[Work instructions]
As you restate the entries, keep every word intact and leave out whatever images they hold.

(Records drawn from a dataset)
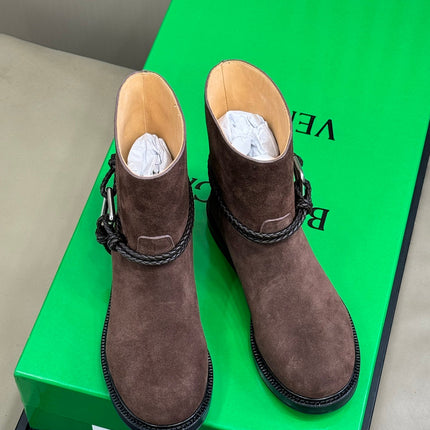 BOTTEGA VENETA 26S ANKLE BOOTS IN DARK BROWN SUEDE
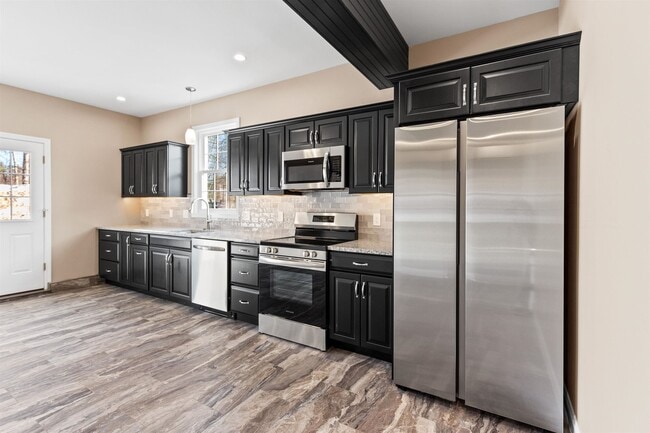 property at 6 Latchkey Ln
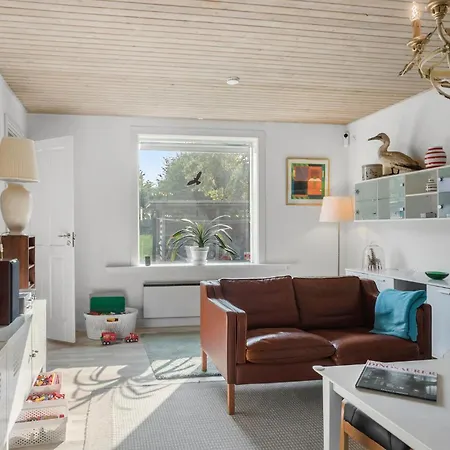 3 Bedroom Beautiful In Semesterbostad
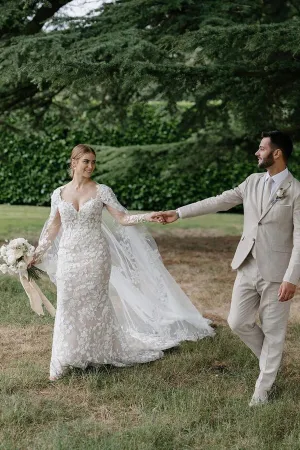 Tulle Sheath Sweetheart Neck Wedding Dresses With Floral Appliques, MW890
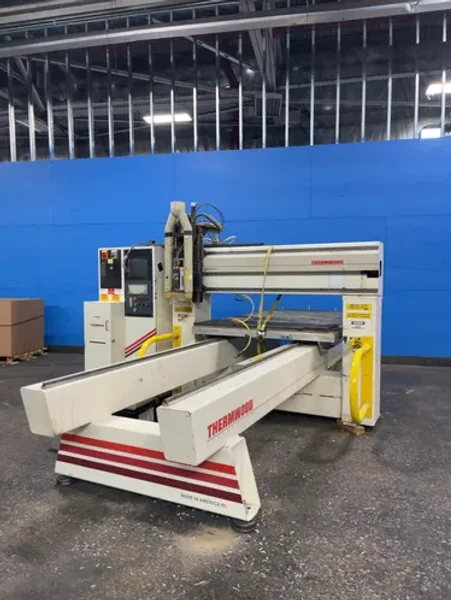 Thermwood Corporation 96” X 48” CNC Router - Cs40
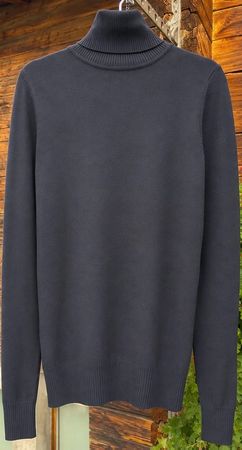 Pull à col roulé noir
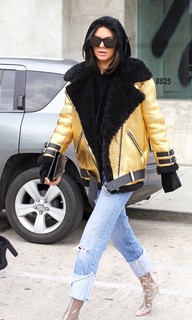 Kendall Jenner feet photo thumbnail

[Written solution]
 BOTTEGA VENETA 26S ANKLE BOOTS IN DARK BROWN SUEDE
 property at 6 Latchkey Ln
 3 Bedroom Beautiful In Semesterbostad
 Tulle Sheath Sweetheart Neck Wedding Dresses With Floral Appliques, MW890
 Thermwood Corporation 96” X 48” CNC Router - Cs40
 Pull à col roulé noir
 Kendall Jenner feet photo thumbnail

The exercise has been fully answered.